Hilleberg tents are pretty light for the capacity. They are actually a lot like Stevenson tents, which are pretty popular with the ultralight crowd. But Hilleberg doesn't meet the fire-resistance standards in some states. I talked to Bo Hilleberg (he goes by "Hilleberg the Tentmaker", as in "Omar the Tentmaker") about this last year and he says it is actually the required tests - they are too expensive to carry out for the small number of states that require them, although he claimed the tents are as fire resistant as any on the market.

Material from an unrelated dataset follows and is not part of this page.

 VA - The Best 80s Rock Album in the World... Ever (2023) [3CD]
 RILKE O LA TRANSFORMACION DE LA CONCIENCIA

His tents are generally tunnel tents, which means they are not free-standing (same with Stevenson). I used to have a Sierra Designs Sleeve Flashlight, which was 3.5 pounds with stakes. It was a reasonably generous 1 person or "friendly" 2 person tent. The current version, the Clip Flashlight, is 5+ pounds with stakes, so I can't recommend it for your use. This despite the much larger use of screening in the walls, partly because of the larger fly (to provide a small vestibule), partly because the plastic clips are heavier than the old pole sleeves, and partly because with the old version you could set it up with 4 pegs and the new one requires a dozen to pitch properly.

But several other companies have tents similar to the old Sleeve Flashlight that are quite light. Look in the Campmor and Sierra Trading Post catalogs.

8:45 p.m. on June 20, 2004 (EDT)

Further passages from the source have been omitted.